**The problem:** Your copy should begin at the line containing "M2002RXY New Balance" and end at the last line of the records; transcribe those lines exactly and leave out every picture.
=-=-=
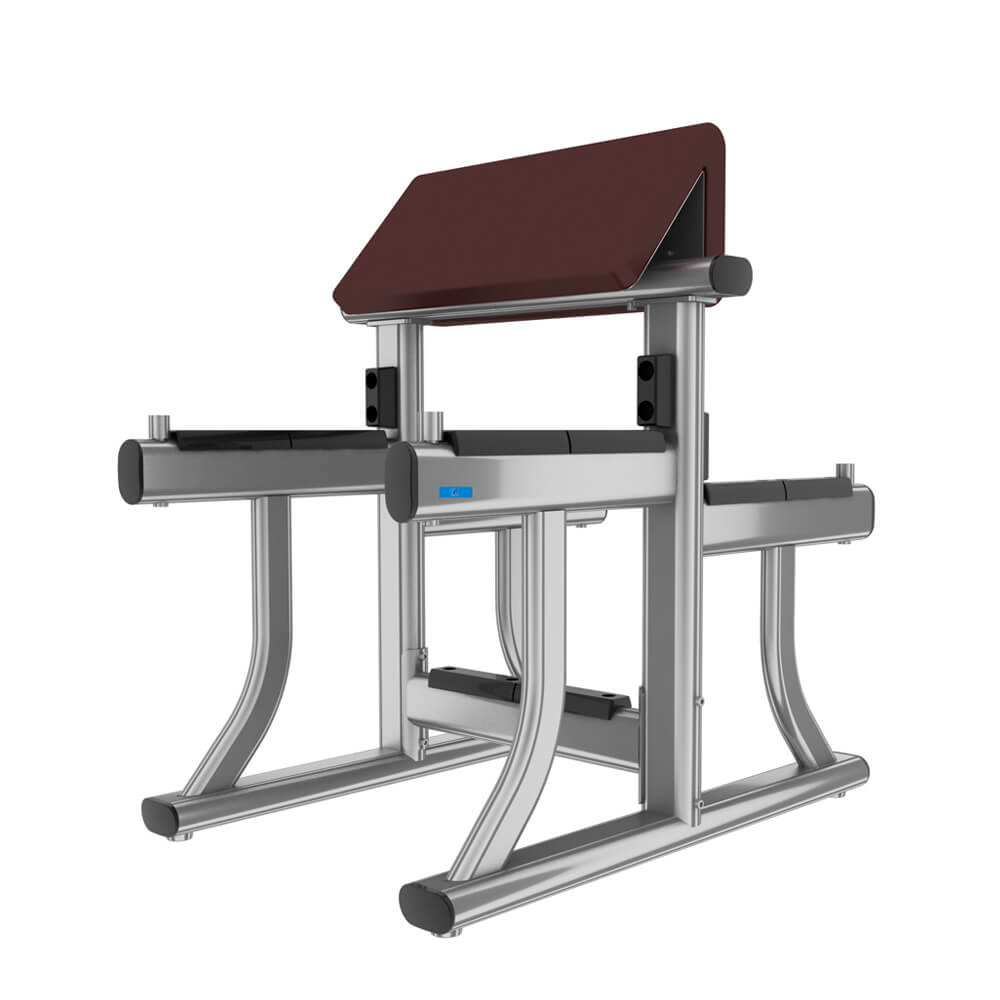 workout equipment Preacher Curl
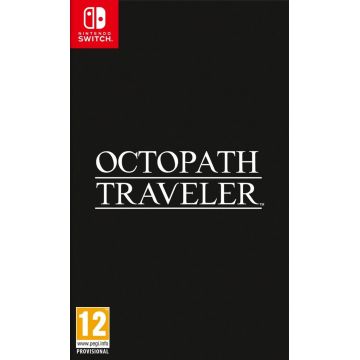 Joc Nintendo OCTOPATH TRAVELER pentru Nintendo Switch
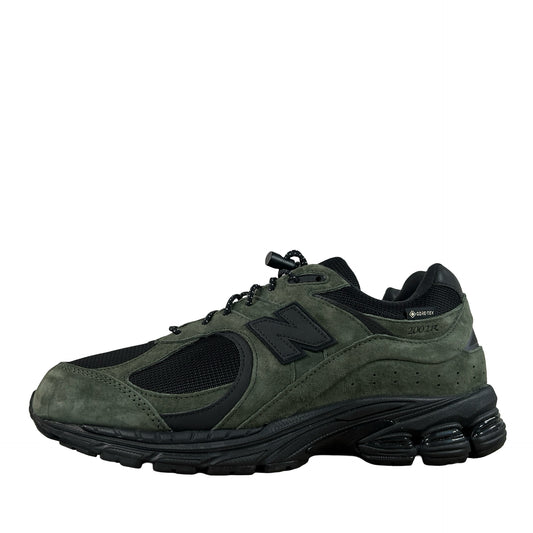 M2002RXY New Balance 2002R Gore-Tex JJJJound Pine [USED] - 10 M (Used)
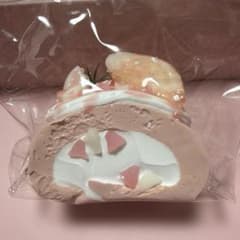 POMULAB スクイーズ 桃ロール モモロールのサムネイル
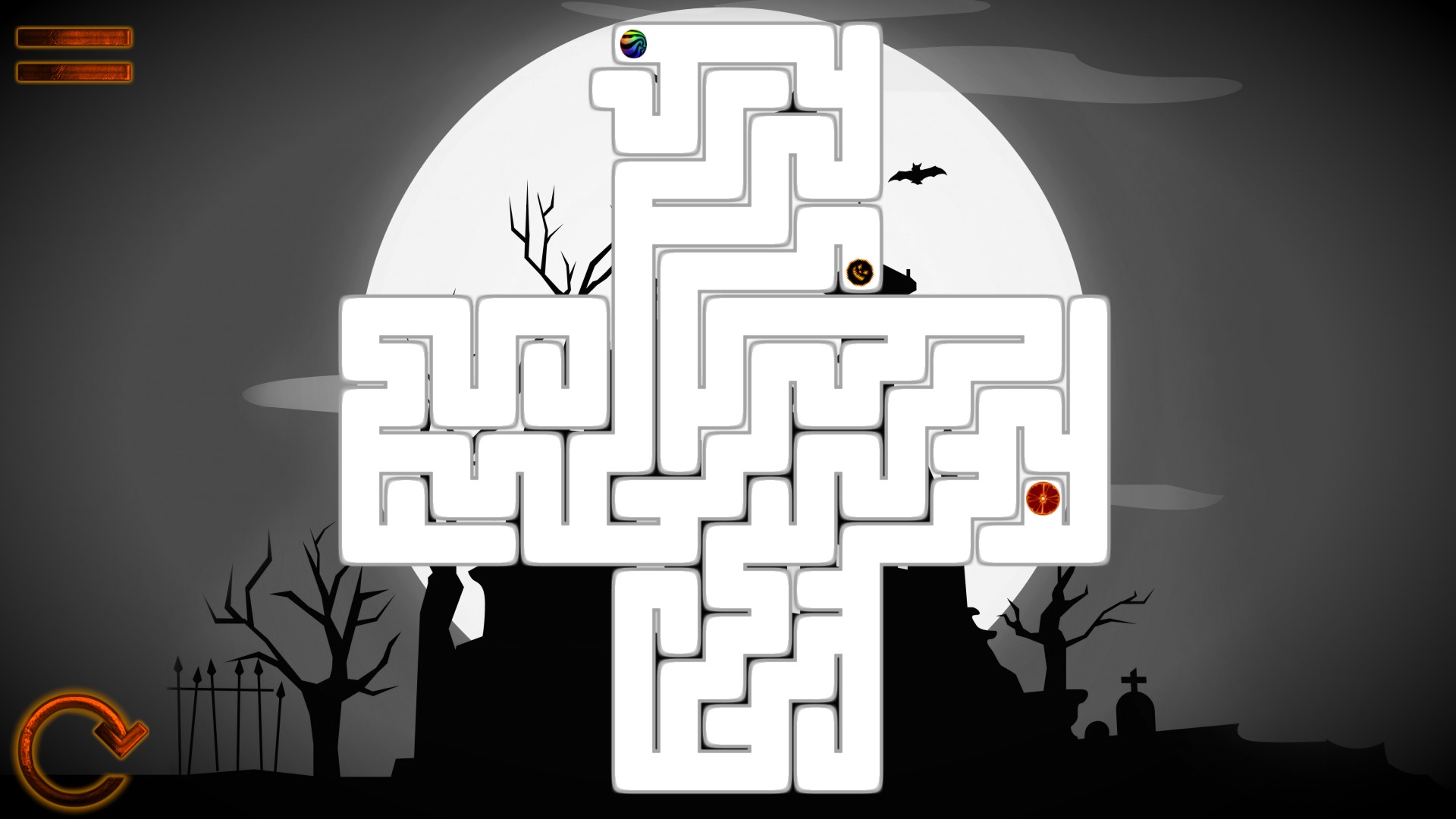 Amaze: Halloween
=-=-=
**Response for this exercise:**
 M2002RXY New Balance 2002R Gore-Tex JJJJound Pine [USED] - 10 M (Used)
 POMULAB スクイーズ 桃ロール モモロールのサムネイル
 Amaze: Halloween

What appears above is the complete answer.